In short, complexity is different to different people. After becoming comfortable with a high-complexity field of production data, the natural data state may seem so unfamiliar as to mimic complexity, when in fact it is the reduction of such.
Jeff – Welcome and thanks for posting the comments.
I love your analogies (especially the katas and chemistry). Very well put.
Not hard to learn, but a bit hard to implement. I am in the process of building a SCD Type 2 Dimension based upon four hubs with their satellites and three link tables and the join structures are killing my brain 🙂 I try to build point in time tables using autogeneration of sql (we are on Oracle ) and I am searching for relevant and suitable documents on the web telling me exactly how to do that. Any ideas or pointers in the right direction will be much appreciated !
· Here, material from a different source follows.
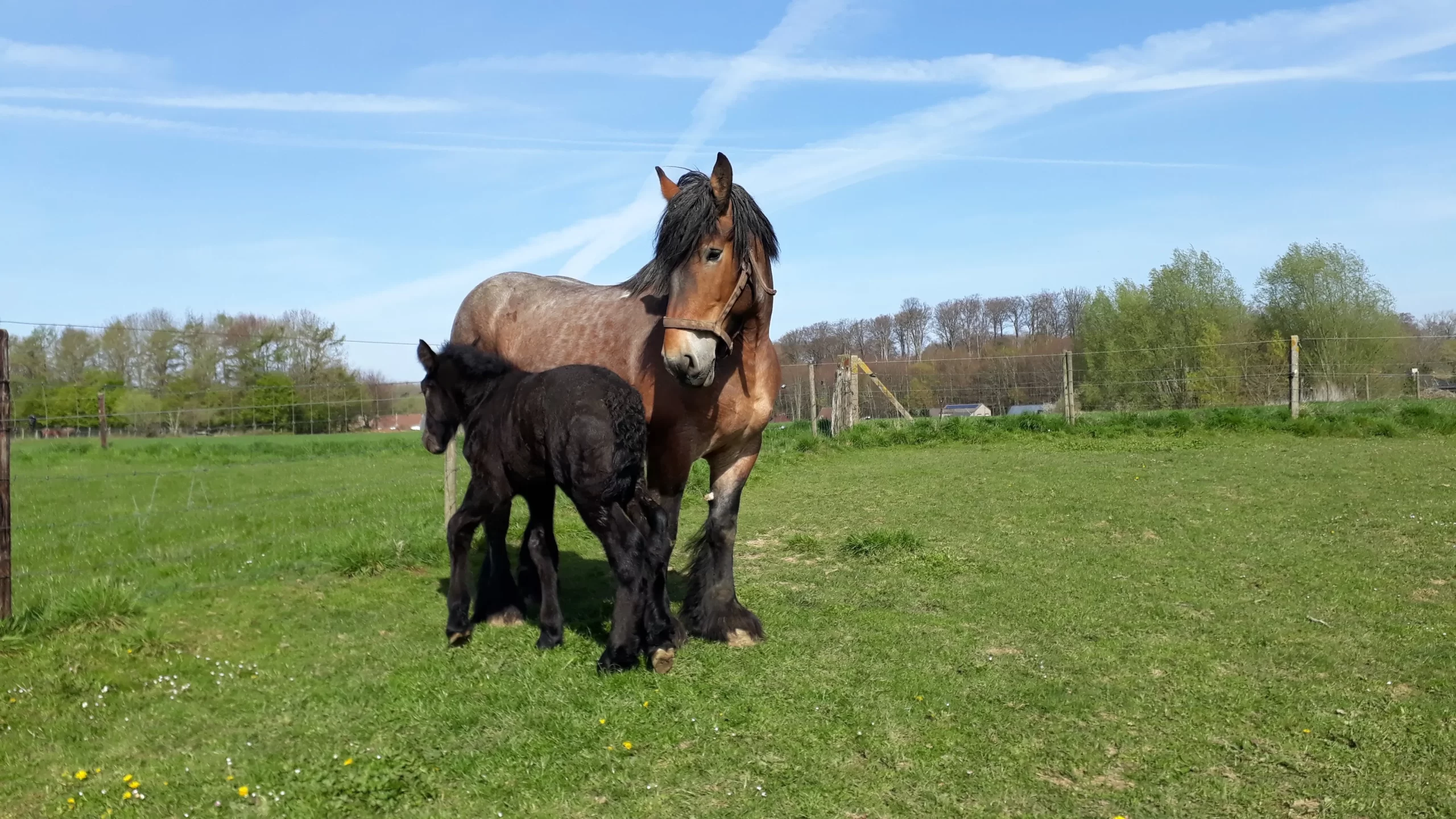 Trekpaarden - De paardehoeve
I am not sure you will find those kind of details on the web (at least not for free). The new book has a lot of details on point in time (PIT) tables. Have you looked at that yet? Also Dan will soon be releasing some online implementation classes. You can get on the notification list for that here: http://learndatavault.com/dv-implementation-early-bird-notification/,
People who think the DV is hard without even trying, probably haven’t really done maintenance on a complex SCD-II. Take for example something with multiple sources like Accounts (in any large company that has disparate systems due to acquisitions etc) and try and build a dimension to serve different business groups.
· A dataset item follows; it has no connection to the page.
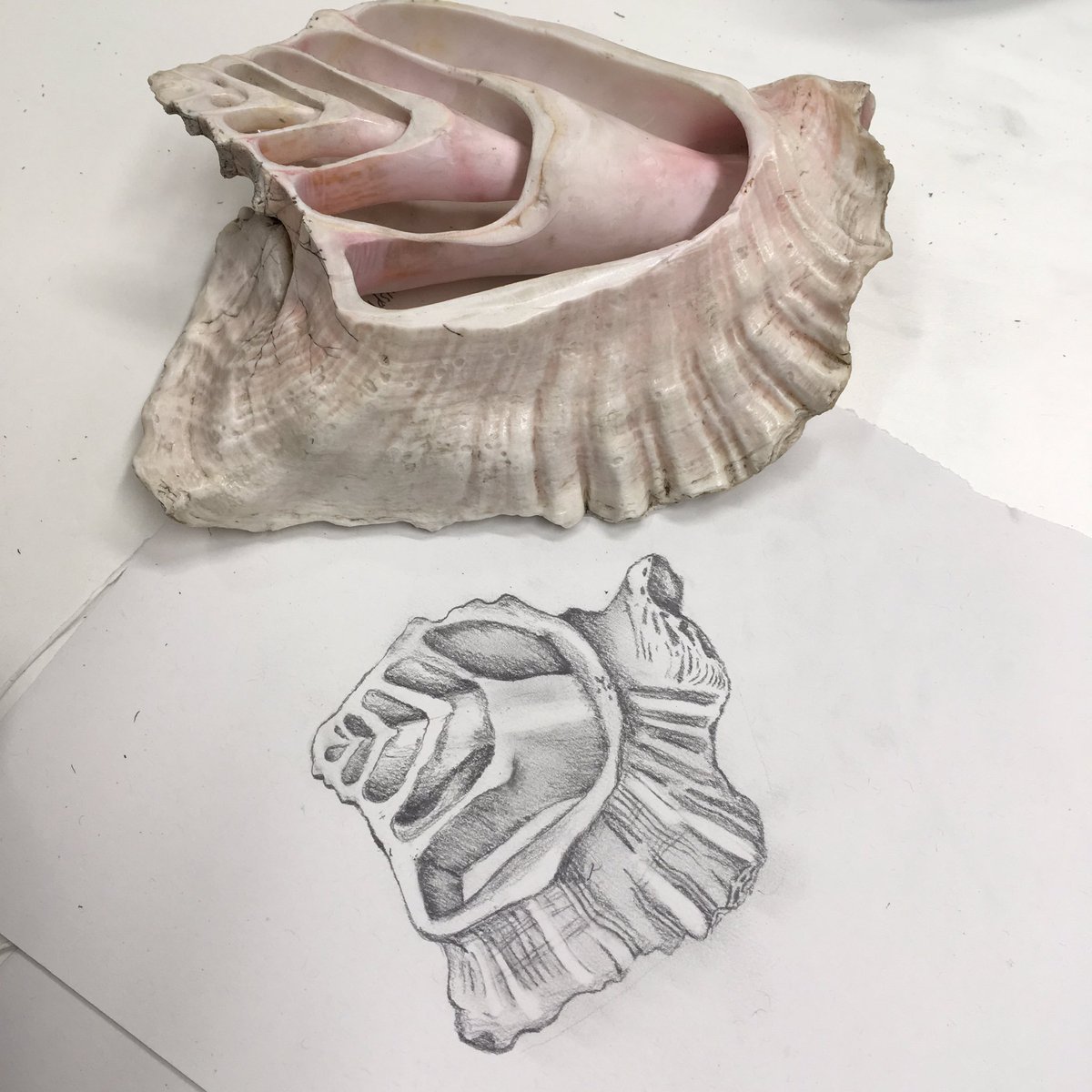 1200x1200 ashleigh whiffin on twitter some brilliant drawings of our - Brilliant Drawings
You’ll end up creating something fairly wide and hard to manage where you have to even take into account precedence (which may be different for different groups).
I’ve had to fix a broken load on this in production and it’s ugly. This can happen for any reason such as a new bug in the code or even hardware issues like the DI server having RAM issues. You’ll start with the bandages on the data which in a few years will look like a mummy.
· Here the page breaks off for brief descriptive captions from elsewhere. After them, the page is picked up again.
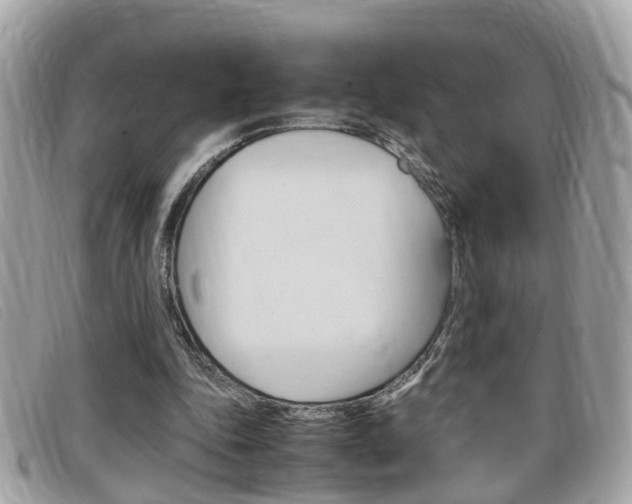 X0000099310343200805020736
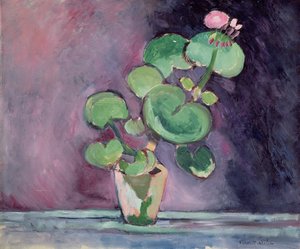 Geranium in a Pot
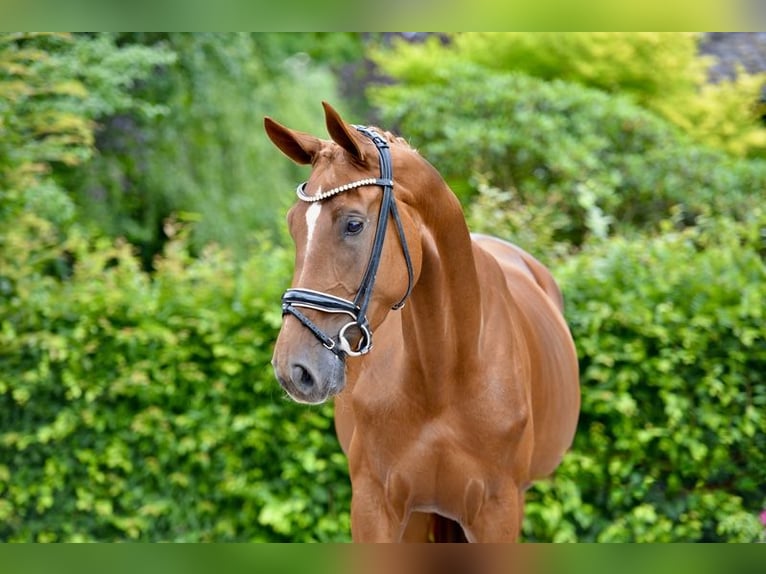 Oldenburg Mare 4 years 16,3 hh Chestnut-Red in Vechta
Contrast this same problem with a DV and tell me with a straight face that it’s not easier to build a DV. Sure, you still have to build the last mile to the customer, but the DV helps much with that too as well as the separation of the engineering components of the build (which are friendly to automation and easier modeling) from the business components ensures a much easier delivery to the actual business where they’re not stepping on each others toes.
And, your virtualizing articles pretty much gives everyone an easy way to build out at least the test dimensional models, where your front-end developers don’t even need to do much.
The DV is the enemy of the large consulting teams where they want a long-term cash cow in a BI project because it’s so easy to build, automate and deliver. Sure, you need to model and it still starts with the most important business key alignment across the enterprise, but nobody can claim that any other technique is simpler with very few exceptions like very small single source type solutions.
Any sufficiently large enterprise solution that doesn’t use the DV as the foundational warehouse model will eventually end up with something similar (As we’re already seeing with PSAs and other hacks in dimensional models) but with not enough positives.
As always, for most things it’s usually a skill/knowledge issue which can always be helped with training. And, as an example a client who was paying their hired consultants $100-$150/hour found it relatively inexpensive to simply foot the bill to train them on DV which gave them a ton of productivity afterwards reducing time to implementation (3-4 days of the consultants billing gets them trained. Saving 3-4 days on a project is a piece of cake with the DV).
The only issue then is not when, but who to get training from. Personally, I’d recommend you Kent or someone like you with a ton of real life experience with various DV solutions or go directly to Dan.
And, there’s always the new book on DV 2.0 which has already gotten rave reviews.
Thanks Sanjay for your feedback and the vote of confidence!